London, Nov. 9: The Indian government has been working closely for the last six months with Financial Dynamics, one of Britain’s top public relations firms, to project the country and especially its economy as modern and progressive, a reliable source in London disclosed yesterday to The Telegraph.
It is understood that Financial Dynamics, which has good links with City (the capital’s financial hub) and business journalists — is assisting the Indian high commission to place “standalone” reports about Indian economic achievements in the City and business pages of British newspapers.
As to why the Indian government has recruited the services of Financial Dynamics, one explanation suggested is that London, much more so than Washington, is seen as the centre of the world media empire because influential international newspapers such as The Financial Times, The Times, The Guardian and The Daily Telegraph are located here, along with the BBC.
An employee on a PR firm, which is a rival to Financial Dynamics, said: “Financial Dynamics is one of the leading PR firms in Britain. They are certainly not cheap. A senior executive may charge £250 an hour, and the firm could have a retainer of between £4,000 and £10,000 a month. The logic of the appointment is that the Indian government is trying to change the perception of India as a land of poverty, of snake charmers and elephants to a modern, progressive country.”

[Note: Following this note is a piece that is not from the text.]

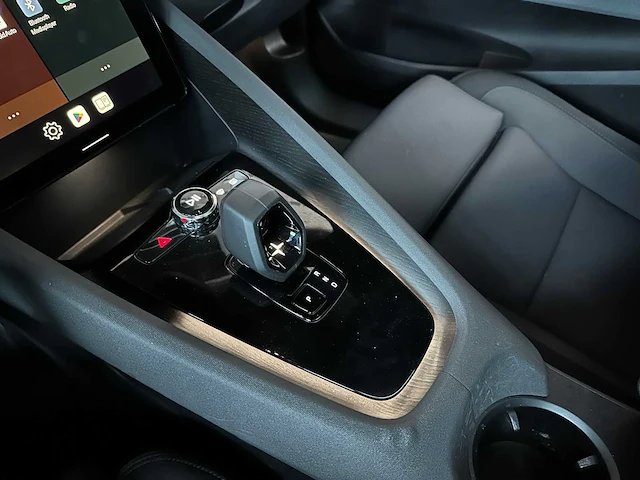 Polestar 2 long range dual motor launch edition 78kwh 408pk 2020, j-857-zb - afbeelding 16 van  41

It is too early to tell what influence, if any, Financial Dynamics has had so far but recent coverage of India in British newspapers, notably The Financial Times, has been exceptionally positive.
The well-respected high commissioner, Ronen Sen, is known to be working closely on PR strategy with Delhi — he left on Friday for Delhi for “consultations” — and with his deputy in London, Satyabrata Pal, and his press counsellor, Navdeep Suri.
On Friday, for example, the FT carried a half-page interview with Atal Bihari Vajpayee, “fixed from London”, headlined: “PM says India’s tortoise is pacing China’s hare in race for reform”. In the interview, where the Prime Minister came across as mature, responsible, progressive and persuasive, Vajpayee argued that Indian democracy could not be blamed for slowing down the country’s economic reform process, certainly as compared with China.
While acknowledging that “I visited China recently and was very much impressed by its many economic achievements”, Vajpayee stressed — and this point will be appreciated by FT readers — that Indian reforms were more durable because of democracy. It will prove hard to fault Vajpayee’s logic: “We have sought to implement our economic liberalisation with public accountability and a social conscience. This makes our reforms more enduring and stable.”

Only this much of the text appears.